Die "Hörpfade" sind ein Projekt des Bayerischen Volkshochschulverbands in Kooperation mit dem Bayerischen Rundfunk und der Stiftung Zuhören. Der Leiter der VHS im Norden des Landkreises, Lothar Stetz, hatte den Garchinger Heimatpfleger Michael Müller auf das Projekt angesprochen, "aber nicht damit gerechnet, dass er zusagt", wie er bei der Hörprobe berichtete. Müller wurde vom Bayerischen Rundfunk geschult und sammelte eine illustre Schar von Autoren um sich herum, alles Menschen, die Garching wie ihre Westentasche kennen und sich teils schon seit Jahren im Ort engagieren. So ist es kein Wunder, dass der Mathematiker Heinz-Gerd Hegering über das Atomei einen Beitrag verfasst hat, und schon gar nicht, dass er als langjährige Leiter des Leibniz-Rechenzentrums über diese Superrechenanlage auf dem Garchinger Campus ebenfalls einen Hörpfad ausgearbeitet hat. Eher schon überraschend ist sein Beitrag zur alten Pfarrkirche St. Katharina, dem ältesten Gebäude Garchings. Doch Hegering erklärt seine Motivation gleich zu Beginn: Er ist auch als Kirchenpfleger tätig und aktives Gemeindemitglied.

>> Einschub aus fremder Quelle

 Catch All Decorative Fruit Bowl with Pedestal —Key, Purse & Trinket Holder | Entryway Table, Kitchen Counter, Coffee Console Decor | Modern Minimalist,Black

Wenig erstaunlich ist auch, dass Sepp Kink als ehemaliger Feuerwehrmann zusammen mit Stefan Holzhauser, dem Pressesprecher der Wehr, einen Beitrag über - die Feuerwehr, "unsere älteste Bürgerinitiative" verfasst hat, Hans Kellerer von seinem Elternhaus, dem Schindlhuberhof erzählt und die Senior-Chefin vom Neuwirt, Monika Rieger, in Kinks Beitrag über Garchinger Wirtschaften als Sprecherin auftritt. Alle haben einen Bezug zu den Themen, die sie ausgewählt haben, viele sind gebeten worden mitzumachen.

Technisch unterstützt wurden sie von Heinrich Führmann, dem gelernten Tonmeister, der früher an den Kammerspielen gearbeitet hat. Natürlich streikte prompt zu Beginn des Abends die Technik und stellte Führmann auf eine harte Probe. Unterstützung bekam er von Belisa Mang (Hackbrett) und Sabine Werner (Gitarre), die den Abend mit ganz besonderer Musik begleiteten und zu aller Erbauung einen finnischen Walzer spielten, bis Führmann und der Computer wieder Kontakt hatten.

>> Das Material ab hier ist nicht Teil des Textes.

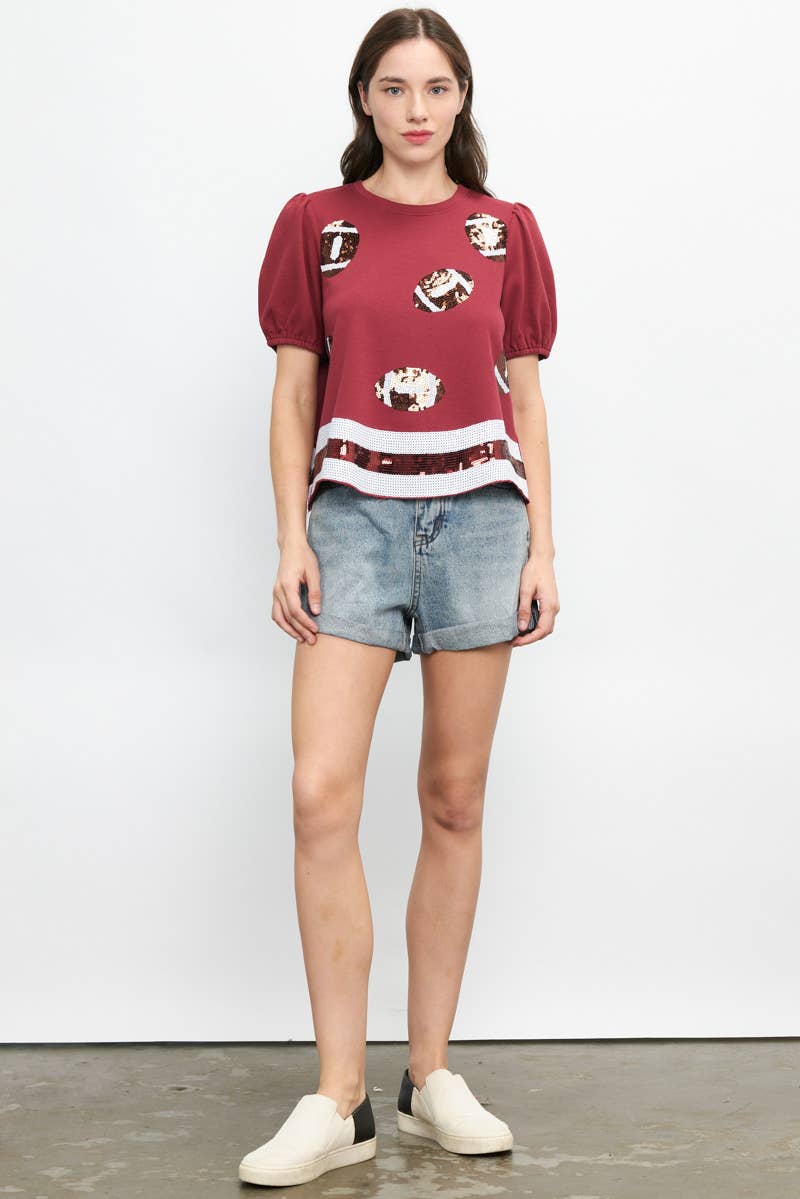 Burgundy GAMEDAY SEQUIN TOP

Der Tonmeister hatte auch den Zweiten Bürgermeister Alfons Kraft überzeugt mitzumachen. Die Idee kam eigentlich von Führmanns Enkelin Sara, die wissen wollte, warum der Römerhof nicht Musikschulhof heißt. Eine berechtigte Frage, fand der Großvater. Kraft, der in seiner Zeit im Garchinger Bauamt den Umbau und die Sanierung mitbegleitet hat, erklärt der kleinen Sara nun im Interview die Geschichte des Riemerhofs, dessen heutiger Name aber nichts mit den Römern zu tun hat.

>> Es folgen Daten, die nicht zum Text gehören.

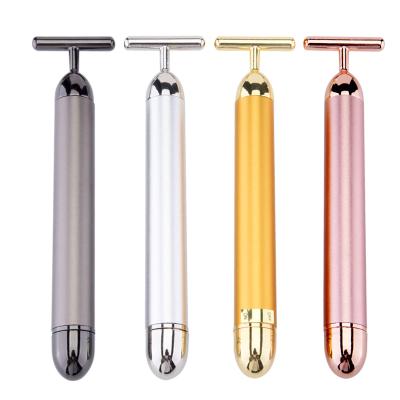 China Face Lift Personal Care Facial Roller T Shape 2 in 1 Gold Electric Energy Beauty Massager Vibrating Bar for sale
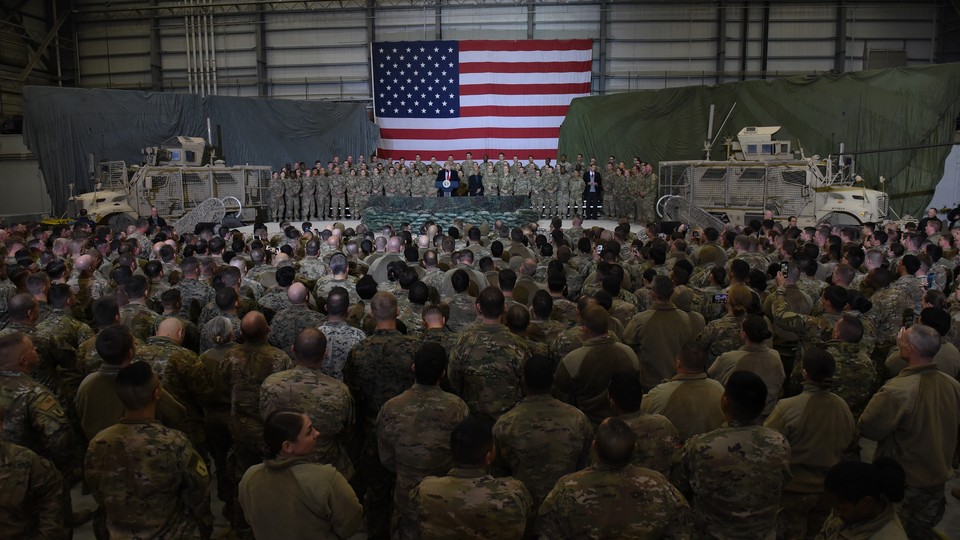 President Trump visiting U.S. soldiers in Afghanistan on Thanksgiving Day.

So ist jeder Beitrag ein kleines Stück Garchinger Geschichte geworden, das neugierig macht und manches erklärt. Wer hätte beispielsweise vermutet, dass ausgerechnet ein Pfarrer sich um das Bankenwesen im Ort verdient gemacht hat. Otto Sondermayer hat sich auf die Spuren Martin Seeanners begeben, der von 1891 bis 1906 Garchinger Seelsorger war und auch die Imkerei im damaligen Dorf populär gemacht hat. Er habe einen Weg gesucht, den oft zwielichtigen Geldverleihern etwas entgegenzusetzen, eine Art "Selbsthilfeeinrichtung", wie Sondermayer sagt, "er hat sich bemüht, eine verlässliche Geldwirtschaft aufzubauen". So entstand der Garchinger Darlehenskassenverein, ein Vorläufer der Raiffeisenbank Garching, die später in der Raiffeisenbank München-Nord aufging.

Kursleiter Müller äußerte sich sehr froh über den Eifer, mit dem die Teilnehmer ans Werk gegangen sind. Er wies darauf hin, dass sich jederzeit noch Autoren bei ihm melden könnten, um die Liste der Beiträge zu verlängern. Sie konservieren damit ein Stück Geschichte für die nachfolgende Generation.

Die Garchinger Hörpfade sind teilweise schon auf der Homepage der Stadt abrufbar. Später sollen sie auch als QR-Codes für Smartphones zur Verfügung stehen.